AUD/JPY: AUD/JPY has been supported in the open due to a spike in global commodity prices spurred by Russia’s invasion of Ukraine. The fears of an inflation shock in the world economy as oil soars on the prospects of a ban on Russian crude supplies as lifted the commodity-linked currency, AUD. Meanwhile, AUD/JPY, which usually walks toe to toe with risk sentiment with a high beat to global stocks, is rallying despite the sell-off in US futures and the Nikkie on Monday. The S&P 500 futures are off by over 1.5%, while the Nikkei is losing 2.9% at the time of writing. Additionally, the AUD surplus is a supporting factor and US dollar receipts in commodities sold will be something that traders will continue to weigh up for the forthcoming weeks.
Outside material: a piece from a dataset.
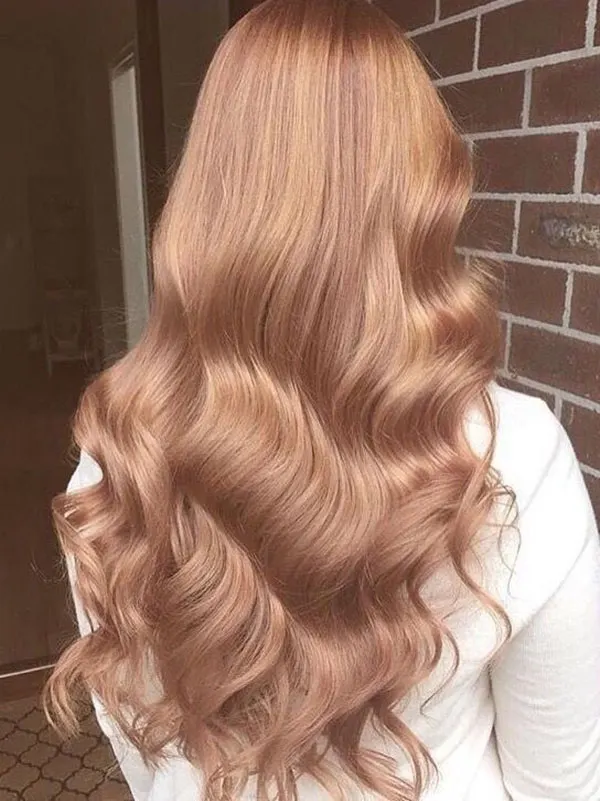 The latest hair color model 24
XAU/USD: Despite recently easing from the $2,000 threshold, gold (XAU/USD) prices remain on the front foot around a 19-month high as traders seek risk-safety amid the ongoing Russia-Ukraine jitters. The quote eases to $1,988, up 1.0% on a day, while heading into Monday’s European session. The yellow metal refreshed multi-day high earlier in Asia as risk-off escalated on the weekend news suggesting Russia’s intensified military invasion of Ukraine. On the same line were comments from the West suggesting an oil import ban from Russia. Recently, Bloomberg said that the US also weighs acting without allies on the ban of Russian oil imports. It’s worth noting that Russia’s stand as the world’s third-biggest oil producer adds to the global supply crunch and strengthens commodities additionally. As a result, gold buyers are likely to keep reins, but the pullback moves can’t be ruled out should this week’s US inflation figures favor the faster Fed rate-hikes.